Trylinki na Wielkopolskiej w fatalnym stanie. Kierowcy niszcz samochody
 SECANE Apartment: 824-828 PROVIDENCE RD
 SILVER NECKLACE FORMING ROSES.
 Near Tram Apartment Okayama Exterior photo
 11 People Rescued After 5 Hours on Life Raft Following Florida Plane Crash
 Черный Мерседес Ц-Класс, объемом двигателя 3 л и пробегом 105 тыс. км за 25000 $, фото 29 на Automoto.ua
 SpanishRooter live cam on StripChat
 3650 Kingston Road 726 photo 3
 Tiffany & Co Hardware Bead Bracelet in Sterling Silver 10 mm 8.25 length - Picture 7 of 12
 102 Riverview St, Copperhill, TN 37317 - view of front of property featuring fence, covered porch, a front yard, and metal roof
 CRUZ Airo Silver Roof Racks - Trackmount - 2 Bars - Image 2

──────────────────────────────

*The task*. Once you have read the records, output each one exactly as written.

*Exercise result*.
Trylinki na Wielkopolskiej w fatalnym stanie. Kierowcy niszcz samochody
 SECANE Apartment: 824-828 PROVIDENCE RD
 SILVER NECKLACE FORMING ROSES.
 Near Tram Apartment Okayama Exterior photo
 11 People Rescued After 5 Hours on Life Raft Following Florida Plane Crash
 Черный Мерседес Ц-Класс, объемом двигателя 3 л и пробегом 105 тыс. км за 25000 $, фото 29 на Automoto.ua
 SpanishRooter live cam on StripChat
 3650 Kingston Road 726 photo 3
 Tiffany & Co Hardware Bead Bracelet in Sterling Silver 10 mm 8.25 length - Picture 7 of 12
 102 Riverview St, Copperhill, TN 37317 - view of front of property featuring fence, covered porch, a front yard, and metal roof
 CRUZ Airo Silver Roof Racks - Trackmount - 2 Bars - Image 2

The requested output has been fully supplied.